THEATRE : Retour au désert -Bernard-Marie Koltès
Alors que l'étoffe bleu/blanc/rouge semble vouloir recouvrer quelque vigueur (électorale) aux balcons de la francité, l'entrée de Bernard-Marie Koltès au répertoire de la Comédie Française, avec une pièce sur les séquelles de la guerre d'Algérie, a quelque chose du pied de nez dont on aurait grand tort de ne pas se réjouir. Reconnaissons donc à Muriel Mayette qui, au "Français", a succédé à Marcel Bozonnet dans les conditions que l'on sait, une certaine iconoclastie. Il peut certes paraître étrange de faire entrer Koltès au répertoire avec une de ses très rares pièces qui fût une comédie. Mais on nous rétorquera que Molière fait figure en ces lieux d'auguste prédécesseur, ce qui n'est pas un mauvais argument ; ce choix, de toute façon, n'est pas ce qu'il importe de discuter.
Car notre gêne vient d'ailleurs. Il semble en effet qu'on ait cherché à purger ce texte de sa part de drame pour n'en faire saillir que les reparties les plus allègres, les situations les plus cocasses ou les scènes les plus boulevardières (qui ne sont pas, loin s'en faut, les plus abouties). Sans doute le texte est-il volontairement hétéroclite, sans doute joue-t-il sciemment de la confusion des registres et de l'immixtion de l'onirique dans le réel, sans doute même était-il de la volonté de l'auteur de nous faire rire, fût-ce en grinçant. Mais cela n'explique pas une mise en scène que les velléités de modernité font parfois chuter trop bas. Je pense ici à la déclamation de Martine Chevallier, pantalon en jean devant le rideau rouge, tenant à la main un micro à la réverbération exagérée, numéro d'animateur dont je ne m'explique toujours ni le sens, ni l'intérêt artistique. Ou encore à ces scénettes qui confinent aux sketchs, c'est-à-dire où le comique de situation et de posture emporte le fond tragique. Et il faudrait dire un mot aussi de l'apparition dans le ciel d'une ancienne épouse décédée, selon un procédé qui n'a, lui, rigoureusement rien de moderne, mais qui au contraire ferait s'esclaffer dans le moindre vaudeville. Tout cela ne crée pas même une atmosphère, qui aurait pu être réussie à force d'être singulière, mais interdit au contraire que toute ambiance s'installe. A force de ne plus savoir s'il faut ou pas sourire, à force de douter du rire, on perd le fil de l'action pendant que le texte perd de son sens. La légèreté et le premier degré rendent l'ensemble grotesque, quand le grotesque se serait satisfait de n'être que suggéré.
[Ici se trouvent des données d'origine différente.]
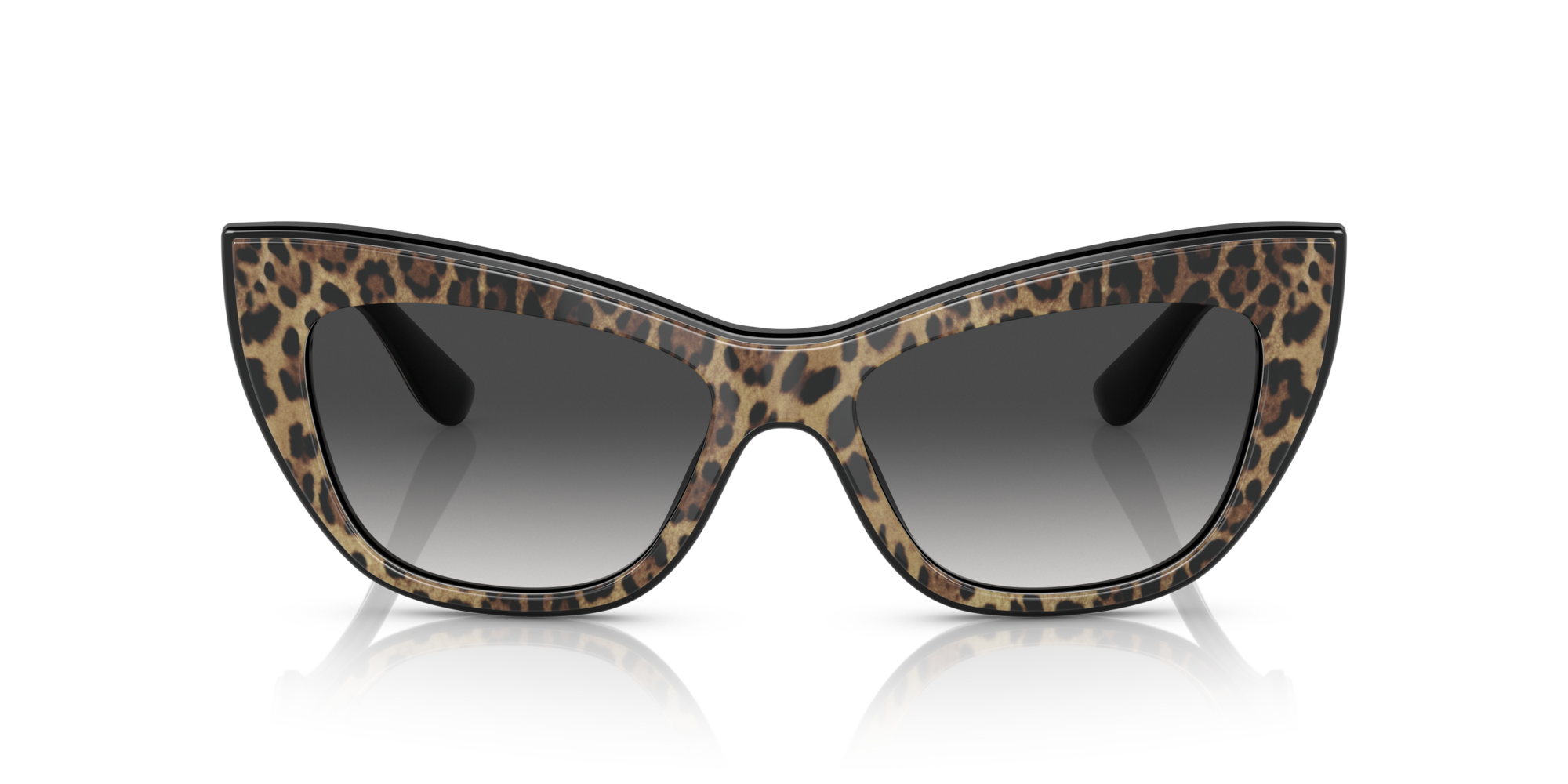 DG4417 31638G Occhiali da sole Dolce & Gabbana 3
Bien entendu, tout n'est pas aussi décevant - pas mauvais, décevant. Même si on peut avoir l'impression que les acteurs peinent à s'y retrouver (et comment ne pas les comprendre ?), ils font preuve d'énergie, et d'abnégation. Michel Vuillermoz est assez magistral dans son rôle de nouveau riche arrogant et cynique, et Grégory Gadebois est parfait dans le rôle du fils paumé, tétanisé par le père, fantasmant une émancipation qui passerait par la prise de l'uniforme. Bref, les acteurs ne sont pas vraiment en cause, mais c'est un peu comme si eux-mêmes échouaient à trouver la bonne voix, le bon espace, le bon créneau. Même Catherine Hiegel, évidemment très juste, me semble pourtant légèrement en retrait, et je ne crois pas que cela tienne seulement au fait qu'elle n'ait ici qu'un second rôle. Reste que la mise en scène de cette pièce était sans doute un défi, tant l'auteur lui-même a pris un malin plaisir à mélanger les genres et les registres. Mais si elle passe à côté, sans doute est-ce d'avoir opté pour une lecture exagérément immédiate, littérale. La musique, composée pour l'occasion par Michel Portal, permet d'habiller les changements de scènes et de redonner une profondeur inquiétante à la pièce. Mais ce n'est pas suffisant, et surtout cela ne tient pas très longtemps. Dommage.